As has been the case with retailers, the Internet has reduced much of HR to strict price-shopping.
Searches and screens are conducted strictly on salary numbers by many.
HR departments have long been government-like bureaucratic puddles of inefficiency but their refusal to go beyond the numbers renders them even less useful.
The purpose of HR is to protect the company. Hiring managers tend to ask the wrong questions and get the company sued. They also tend not to care about hiring quotas which exist at most big companies.
Large companies are now using these online HR portals mainly to comply with an EEOC policy called OFCCP.
This forces them to compile long lists of candidates and hires indexed by race. For example, for “Sales Associate” they need to tell the government that 89 people applied, 45 Caucasian, 15 Black, 9 Hispanic, etc. Then they have to show that they interviewed enough candidates from each protected group.
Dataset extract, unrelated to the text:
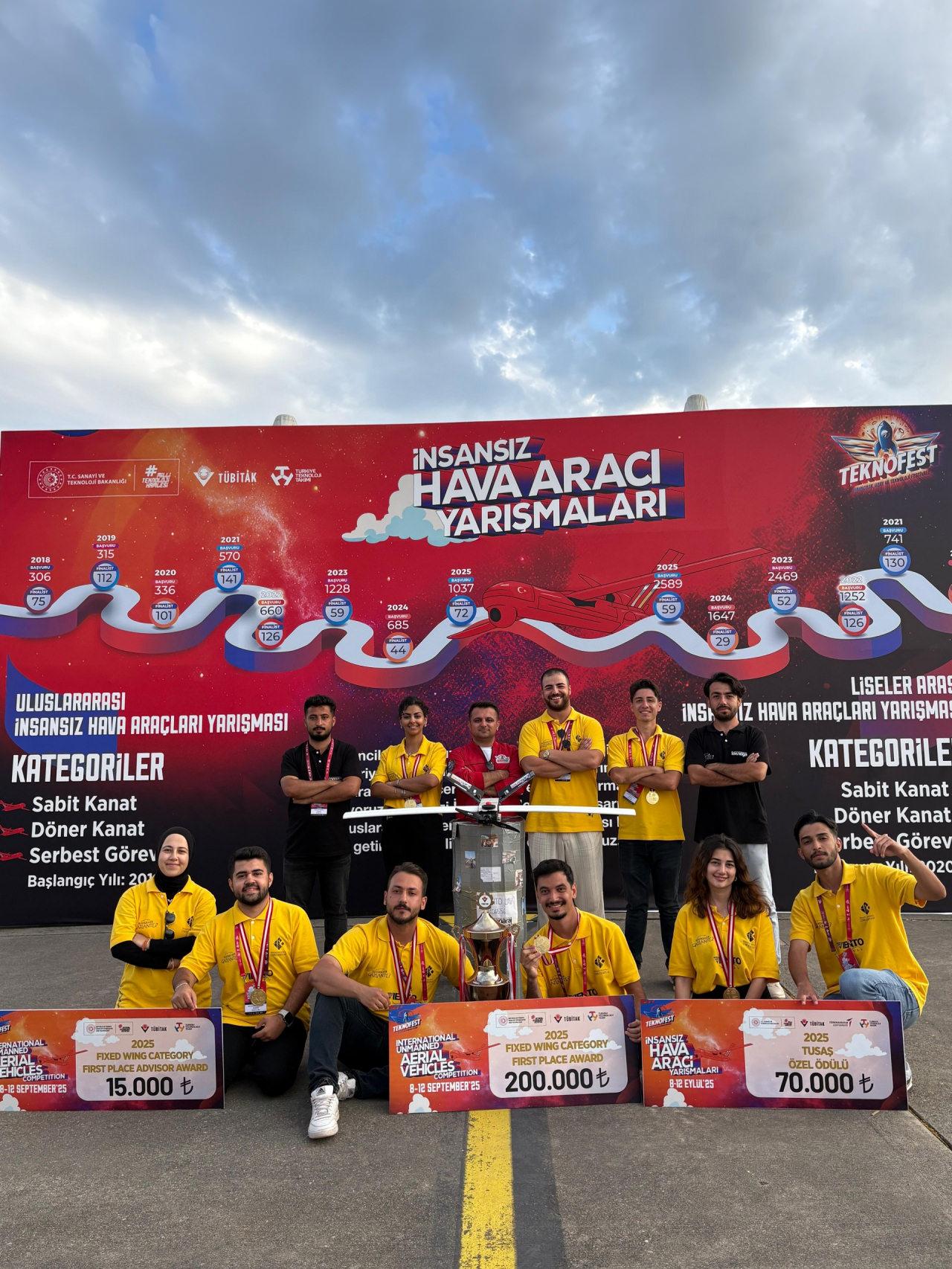 Gaziantep Büyükşehir Belediyesi’nin desteklediği takımlar TEKNOFEST finalinde!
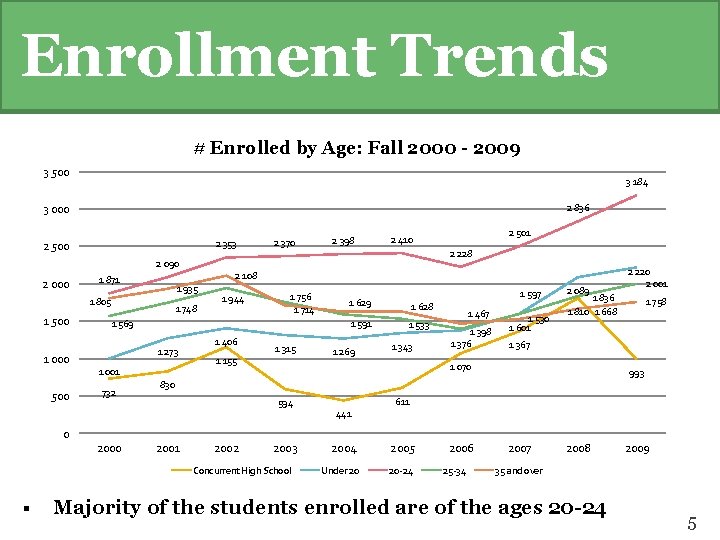 Enrollment Trends # Enrolled by Age: Fall 2000 - 2009 3 500 3 184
Then they need to say they hired Jane Doe, a Caucasian female, and justify the reasons they hired her and not the others.
And the only way they can compile race data is to pressure you to self-identify on the website.
As has been the case with retailers, the Internet has reduced much of HR to strict price-shopping.
Searches and screens are conducted strictly on salary numbers by many.
HR departments have long been government-like bureaucratic puddles of inefficiency but their refusal to go beyond the numbers renders them even less useful.
I call BS.....show me one website that allows me to search for candidates based off their salaries.